[Records from a collection]

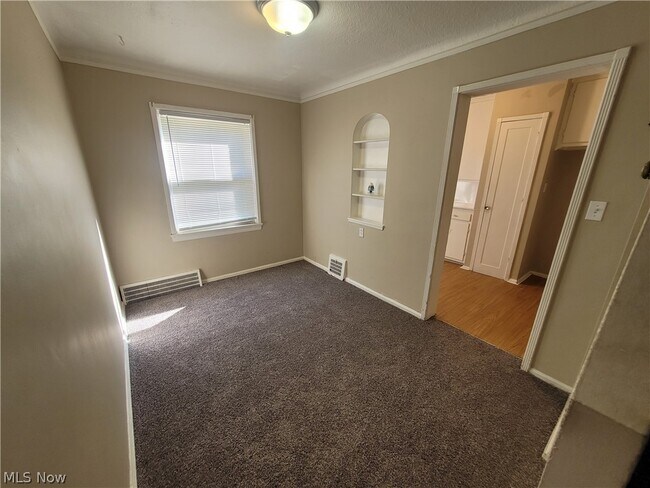 Building Photo - 255 E 250th St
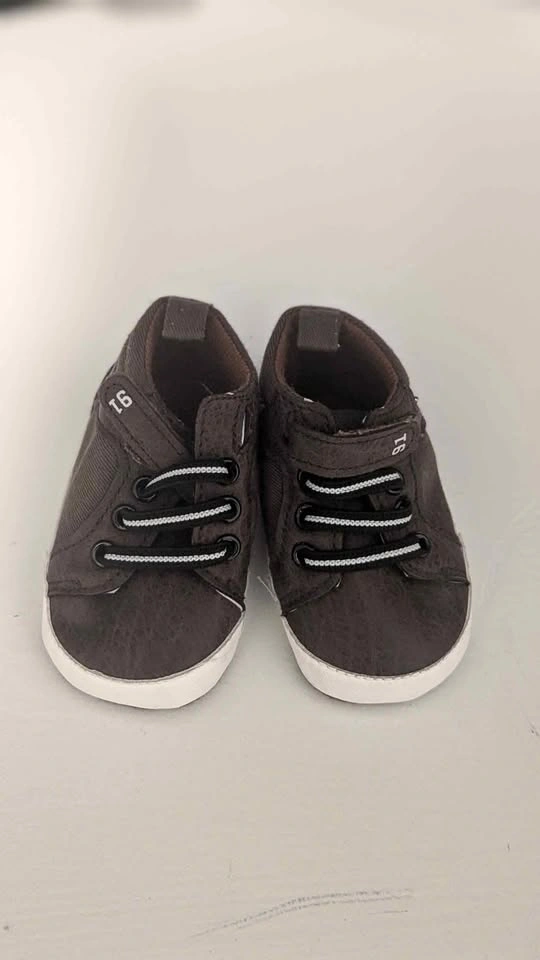 Baby shoes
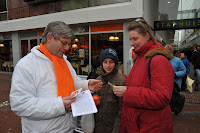 2010 02 13 Publieksactie centrum met Charlie Aptroot 054.jpg 2010 02 13 Publieksactie centrum met Charlie Aptroot 054.jpg
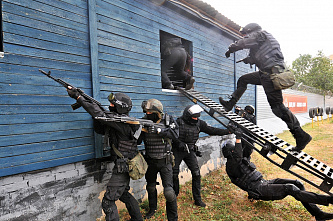 Донские ОМОНовцы отметили свой профессиональный праздник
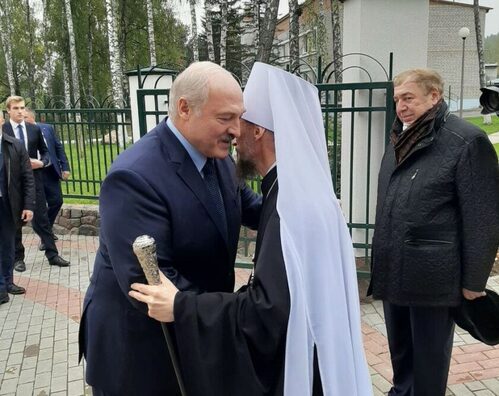 Лукашэнка, мітрапаліт Веніямін і Міхаіл Гуцэрыеў на адкрыцці царквы ў Шаршунах 3 кастрычніка 2020 года. Фота: "Пул першага". Лукашэнка, мітрапаліт Веніямін і Міхаіл Гуцэрыеў на адкрыцці царквы ў Шаршунах 3 кастрычніка 2020 года. Фота: "Пул першага".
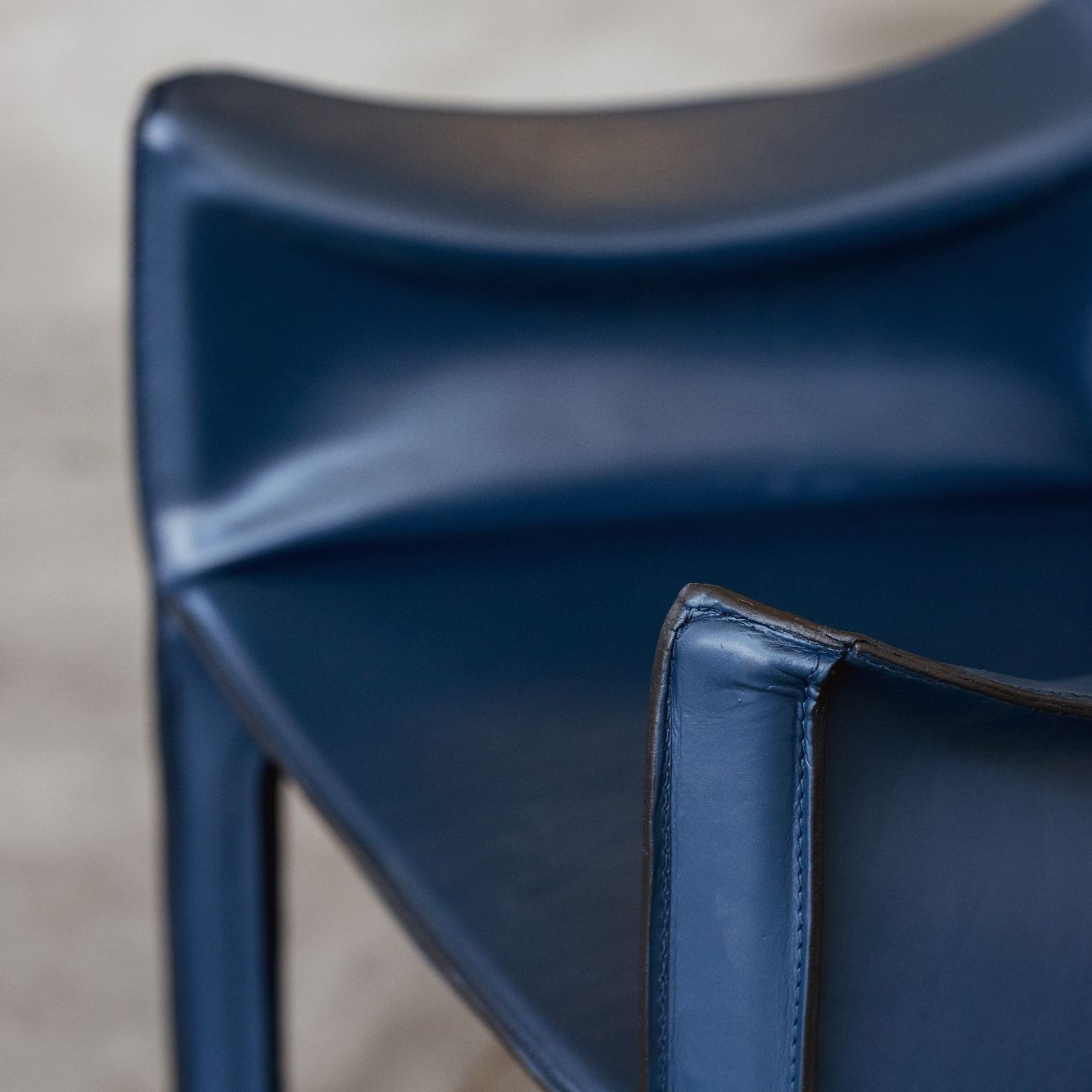 Mario Bellini “CAB 413” Chairs for Cassina, Blue Leather, 1977, Set of 6, 1977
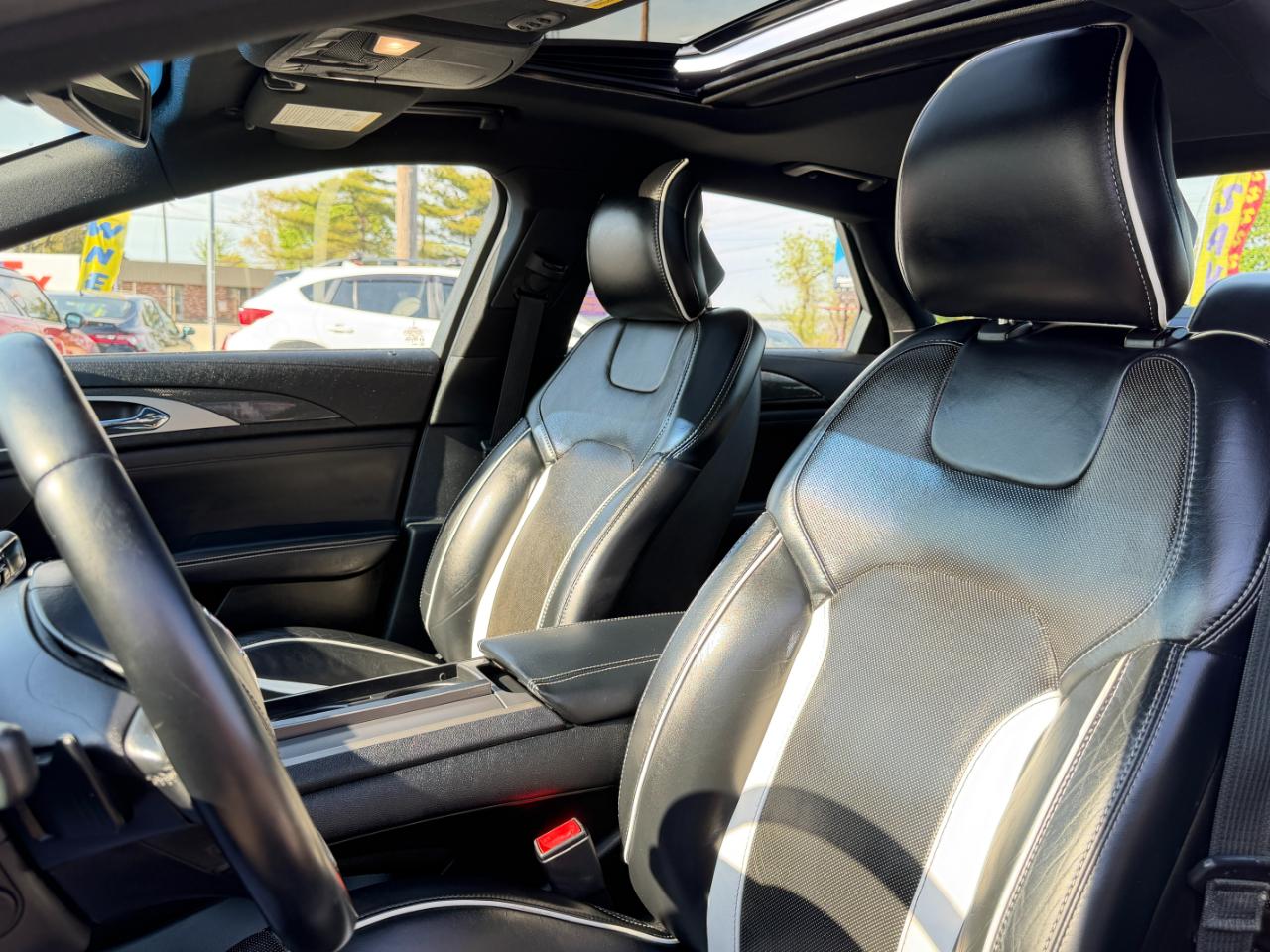 Lincoln MKZ Reserve AWD 2017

TASK PROMPT: Pictures do not belong in your copy; restate word for word the lines from the one containing "Set of 6, 1977" through the last line of the records above.

ANSWER BELOW:
 Mario Bellini “CAB 413” Chairs for Cassina, Blue Leather, 1977, Set of 6, 1977
 Lincoln MKZ Reserve AWD 2017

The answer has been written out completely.